I try to make it a habit to read books that are outside of my comfort zone. I just don’t think it’s healthy to walk around and only accept input that just reinforces what you already know or want to believe. So that’s why I decided to read No Apology: The Case for American Greatness by Mitt Romney.

Some have accused me of being an antagonist who just goes against the grain of those around me because I enjoy that. I’ve done a fair amount of introspection on this subject and I can completely accept why they might come to that conclusion. I do have a tendency to play devil’s advocate just for sake of a discussion. It often gets interpreted as having opinions that I don’t necessarily have. I find that I have to careful not to adopt an opinion or belief just because I took that position in a discussion. A few weeks ago I had a discussion about organic gardening with a friend. He took one side and I took another. My real views on the subject are on the same side of the aisle as the position I took with him, but I do not share some of the extreme positions that I used rhetorically in our discussion. Those points were just brought up to get both of us to think about the issue.
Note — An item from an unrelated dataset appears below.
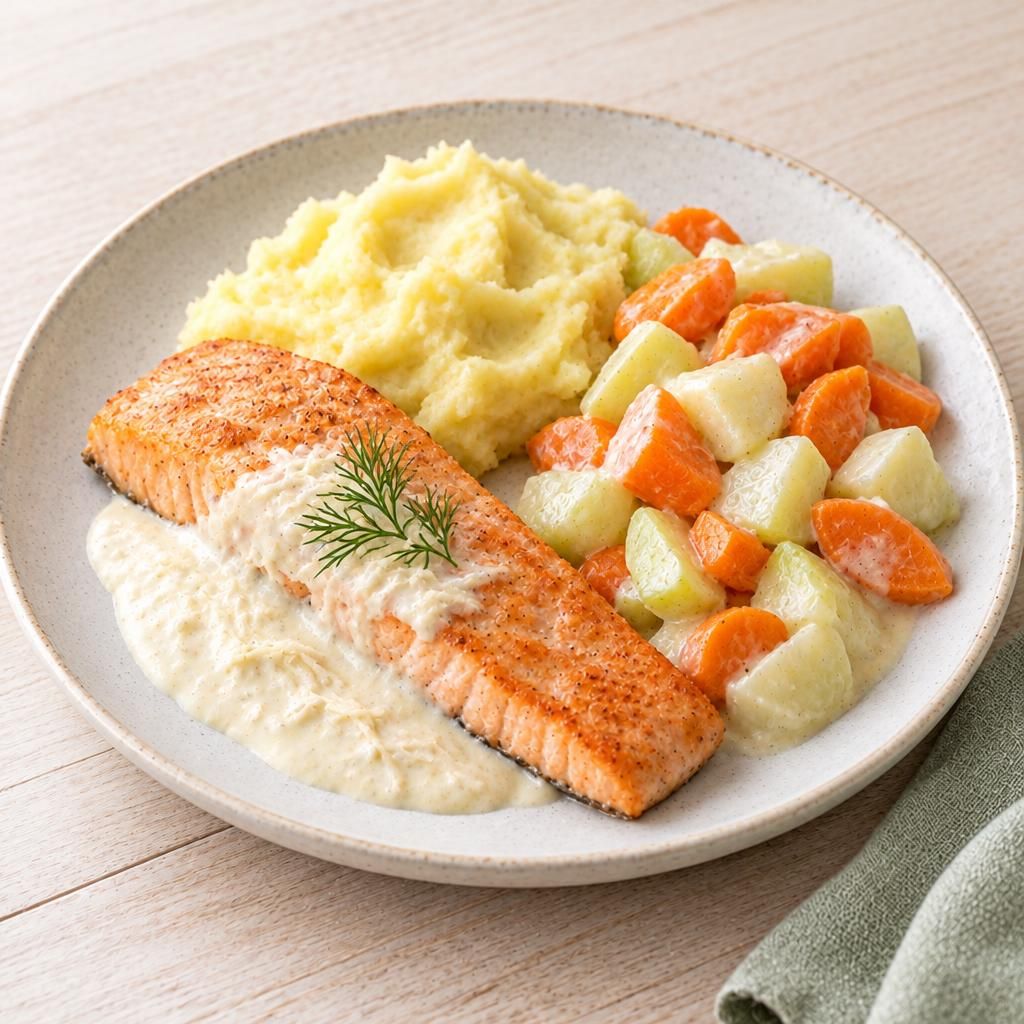 Lachs mit Püree und Karotten-Kohlrabi-Gemüse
Spending so much of my life around other Mormons I get a lot of people who just assume that I’m a fan of Romney. I personally believe that many of these people would vote for him just because he was a Republican and a Mormon without doing any further research on his positions and views. So quite a few times I’ve asked people leading questions worded something like “How do you feel about Romney’s position on X?” They then give me their view on X and assume that since they are Mormon and Republican that the two must jive. All too often they do not and it is apparent that they haven’t really done their research on the positions of the man they trust with their vote.
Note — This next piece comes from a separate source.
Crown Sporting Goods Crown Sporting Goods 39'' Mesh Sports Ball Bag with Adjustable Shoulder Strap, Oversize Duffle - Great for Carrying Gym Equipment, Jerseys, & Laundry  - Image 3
So with this in mind I read No Apology: The Case for American Greatness. Now that I’m finished I think I’ve probably spent more time vetting this one particular candidate than I have ever spent on any other. I’m sure it’s the frequent subtle and not so subtle encouragements to give him my vote that have caused me to really be sure that I understand him. I just felt like I had to be sure that my opinions on Romney were based solely on the fact that I had gathered the facts on his positions and weighed them on their merits. I felt I had to make a conscious attempt to resist the knee-jerk reaction of going against the grain.
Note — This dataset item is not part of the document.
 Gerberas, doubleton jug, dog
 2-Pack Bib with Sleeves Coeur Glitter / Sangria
Had this book omitted the introduction I would have been able to accept it easier. Before chapter one even started Romney gives a list of things that the book is and what it is not. One thing he claimed that it was not was an attack on his opponents. Unfortunately, much of the book is exactly that, an attack on the policies of President Obama. As Seinfeld would say, “Not that there’s anything wrong with that.” I think many of the President's positions deserve criticism. It’s just a little misleading when your introduction says you weren’t going to go down that road. The very title of the book is thinly veiled criticism of what he and other conservative have dubbed President Obama’s apology tour. I think an honest admission of fault is a sign of greatness and not a sign of weakness. I think we all know how hard it is to patch thing up with a friend or a family member when one side refuses to admit any wrong-doing. That being said I too think the President took it a little too far by showing up everywhere with his heart on his sleeve. I would add that all through this section I was very proud of Romney for always referring to the President as “President Obama” and not by a pejorative like so many other conservative writers do. Romney is a class act and his respect for the office even when he disagrees with its policies is something more of us could learn from.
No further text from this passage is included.